そして、多くの会社が定款や登記簿に「株式の譲渡制限に関する規定」を設けています。
なんとなく、「勝手に株式を売ってはいけない」という意味は理解できても、そもそも売ることはできるのか、どうすれば売れるようになるのかなど、具体的な話はよくわからず、不安を感じている方も多いでしょう。
でも安心してください。株式の譲渡が制限されていても、ほとんどの場合は、何ら問題なく譲渡ができます。
実際、世の中で行われている株式譲渡M&Aは、その大半が譲渡制限された株式を、きちんと手続を踏んで譲渡している事例です。

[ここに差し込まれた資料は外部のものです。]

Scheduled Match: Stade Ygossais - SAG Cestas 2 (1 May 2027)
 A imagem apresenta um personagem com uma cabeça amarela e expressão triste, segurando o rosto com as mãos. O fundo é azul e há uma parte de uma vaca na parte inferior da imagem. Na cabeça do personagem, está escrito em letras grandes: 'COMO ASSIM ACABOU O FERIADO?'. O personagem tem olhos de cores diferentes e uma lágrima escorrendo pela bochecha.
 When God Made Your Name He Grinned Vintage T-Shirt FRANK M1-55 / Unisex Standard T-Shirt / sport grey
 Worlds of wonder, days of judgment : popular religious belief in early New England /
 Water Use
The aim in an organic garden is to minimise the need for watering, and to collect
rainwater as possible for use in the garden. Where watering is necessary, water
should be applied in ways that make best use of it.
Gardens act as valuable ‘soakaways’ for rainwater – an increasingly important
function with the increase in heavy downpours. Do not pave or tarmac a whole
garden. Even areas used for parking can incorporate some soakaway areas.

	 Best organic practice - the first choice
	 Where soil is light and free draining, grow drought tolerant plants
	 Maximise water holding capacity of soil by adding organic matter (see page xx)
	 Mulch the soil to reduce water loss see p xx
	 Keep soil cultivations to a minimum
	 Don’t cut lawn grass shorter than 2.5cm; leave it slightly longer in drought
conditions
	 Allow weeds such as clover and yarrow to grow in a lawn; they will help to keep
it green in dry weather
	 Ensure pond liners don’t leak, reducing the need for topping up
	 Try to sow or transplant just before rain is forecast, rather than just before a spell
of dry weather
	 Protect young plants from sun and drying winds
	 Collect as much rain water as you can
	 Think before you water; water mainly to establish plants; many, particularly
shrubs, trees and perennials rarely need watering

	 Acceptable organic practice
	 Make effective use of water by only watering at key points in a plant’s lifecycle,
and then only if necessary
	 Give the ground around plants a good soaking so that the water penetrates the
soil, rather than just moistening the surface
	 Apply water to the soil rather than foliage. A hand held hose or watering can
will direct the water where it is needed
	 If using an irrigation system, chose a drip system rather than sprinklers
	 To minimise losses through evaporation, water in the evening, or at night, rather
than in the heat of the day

私も、非上場会社のM&A案件で譲渡制限がなかった事例は見たことがないぐらいです。
この記事では、
- 株式譲渡に制限があっても問題なく譲渡できる2要件
- 株式譲渡制限の制度の概要
- 譲渡制限のある株式を正しく譲渡するための承認手続
について説明していきます。承認手続に必要な書類のサンプルもWordファイルで配布しています。
最後まで読んでいただければ、ご自身が株式を譲渡する際に譲渡制限が問題になるか否かがスッキリと理解でき、その手続に迷うこともないでしょう。
「株式の譲渡制限」は99%のケースで問題にならない
譲渡制限が付いている会社の株式を他人に売ろうと考えている場合は、以下の2つの要件が満たされているかどうかを確認してください。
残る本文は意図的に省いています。